# Multithreaded matrix multiplication in Rust – Part I

This will be a fairly short post. I’m labeling this Part I as I’m hoping to give a more full report once I see this work through. It would be good to get some feedback and more eyes on this in the mean time though! Lots of credit to bluss here – he provided an awesome library and lots of support (and code to steal) for this work.

Recently I implemented blussmatrixmultiply in rusty-machine . Matrixmultiply is an awesome, lightweight library that provides fast, native implementations of matrix multiplication in Rust.

The gains were pretty huge (up to 10x improvements on my naive implementation) and this inspired me to see if we could get even better by using multithreading.

Parallelizing matrix multiplication isn’t easy and there are a few different approaches. For now I have been playing around with a pretty simple divide and conquer implementation. The idea is that we find the largest dimension and if it is greater than some threshold we split the matrix along it and repeat recursively on the two new halves. Once we are below the threshold we perform our usual matrix multiplication. The algorithm is summarized nicely here . I’m using rayon to achieve the parallelism.

Initial results are looking pretty good!

``test linalg::matrix::mat_mul_128_100        ... bench:     213,072 ns/iter (+/- 47,042) test linalg::matrix::mat_paramul_128_100    ... bench:     270,320 ns/ iter (+/- 167,244) test linalg::matrix::mat_mul_128_1000       ... bench:   1,996,190 ns/iter (+/- 66,789) test linalg::matrix::mat_paramul_128_1000   ... bench:   1,253,315 ns/iter (+/- 1,715,936) test linalg::matrix::mat_mul_128_10000      ... bench:  21,215,542 ns/iter (+/- 793,933) test linalg::matrix::mat_paramul_128_10000  ... bench:  11,659,379 ns/iter (+/- 2,533,431) test linalg::matrix::mat_mul_128_100000     ... bench: 211,979,455 ns/iter (+/- 13,750,261) test linalg::matrix::mat_paramul_128_100000 ... bench: 112,330,287 ns/iter (+/- 4,083,264) ``

For comparison, here is the old implementation:

``test linalg::matrix::mat_mul_128_100        ... bench:   2,078,298 ns/iter (+/- 132,209) test linalg::matrix::mat_mul_128_1000       ... bench:  20,901,834 ns/iter (+/- 576,653) test linalg::matrix::mat_mul_128_10000      ... bench: 228,113,515 ns/iter (+/- 2,512,868) test linalg::matrix::mat_mul_128_100000     ... bench: too damn long /iter (+/- ____) ``

If requested I’ll try to add some benchmarks for parallel BLAS.

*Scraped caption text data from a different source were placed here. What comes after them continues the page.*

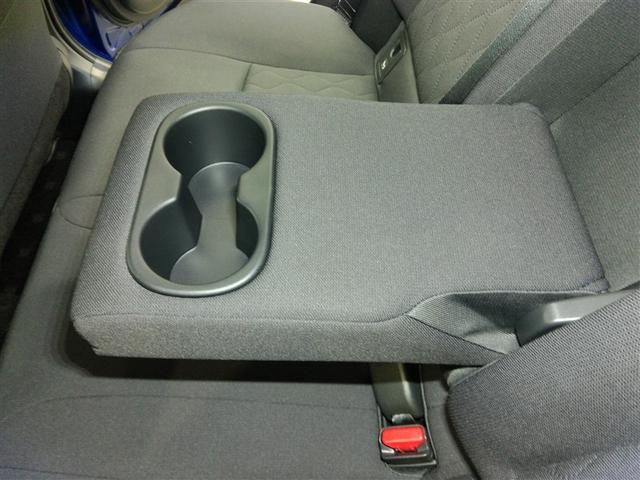 後席のカップホルダー付きのアームレストです。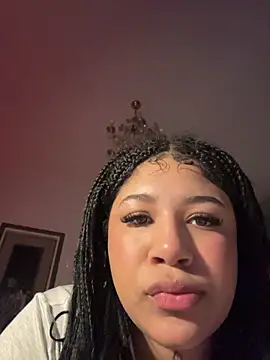 Snapshot of IamSashaLuv chatting on April 9, 10:48 pm IamSashaLuv online show from April 9, 10:48 pm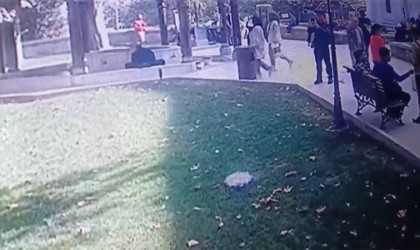 Abdest alan adamın cüzdanını çaldılar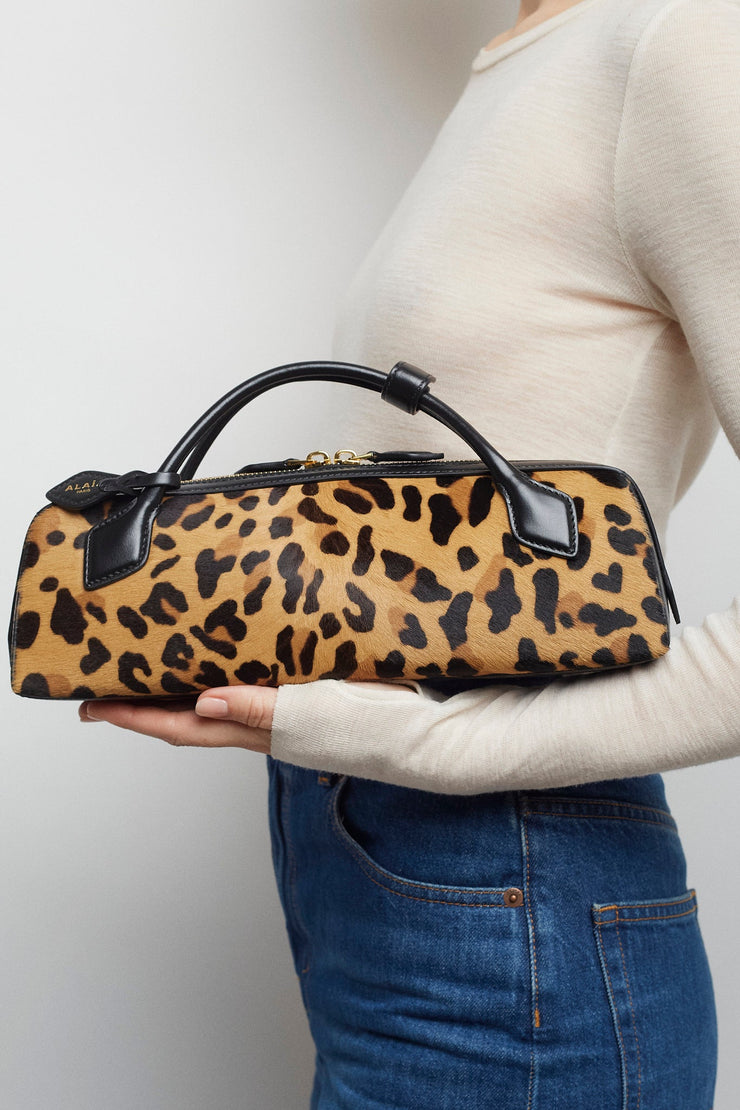 Le Teckel leopard brown clutch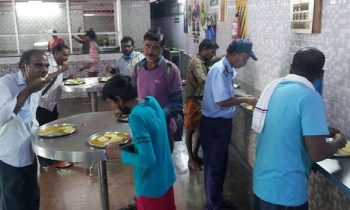 சென்னையில் உள்ள அம்மா உணவகங்களின் விற்பனை அதிகரிப்பு.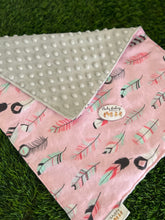 Load image into Gallery viewer, Pink Feathers Minky Blanket
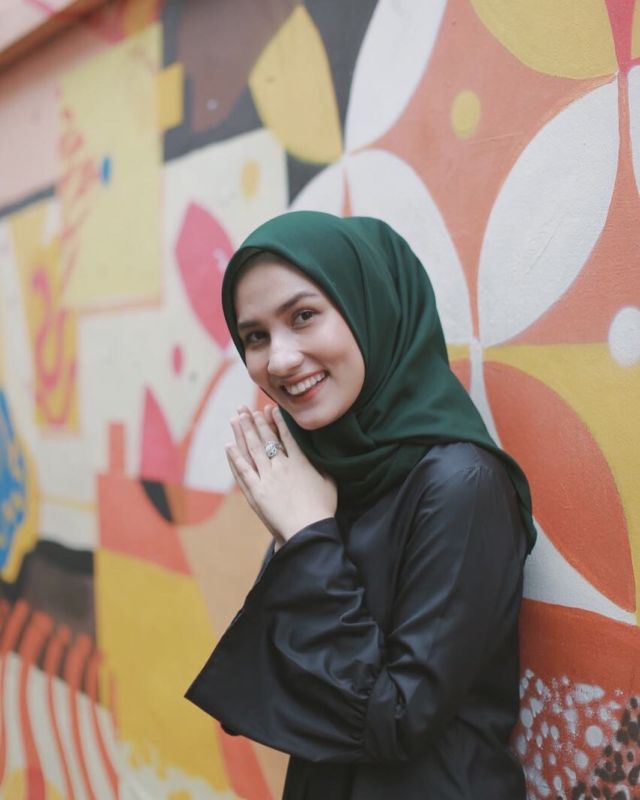 13 Ragam Tampilan Hijab Voal yang Lembut dan Anti Gerah. Simpel Tapi Cantik!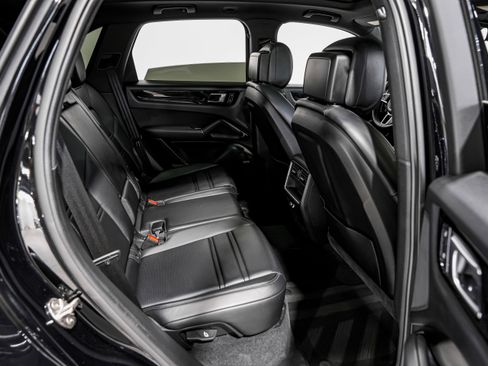 Used 2022 Porsche Cayenne S image 28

This was run on my pretty average laptop with 4 cores. The implementation is still basic and so there is some overhead that can be removed quite easily.

### What next?

First I’m going to try trimming off some of this overhead. In the process I’ll hopefully make some of the code a little safer to use. I’ve had to break a couple rules to get this implementation up and running (allowing cloning of mutable raw pointers, and `Sync` / `Send` ing them too…).

I’ll also take a deeper look at the matrixmultiply library to see if we can introduce the BLIS multithreading – this may give us better performance.

After this I’m going to see if I can optimize some of the other native linear algebra within rusty-machine . Starting with inverses (probably). This won’t be included as part of this series of posts.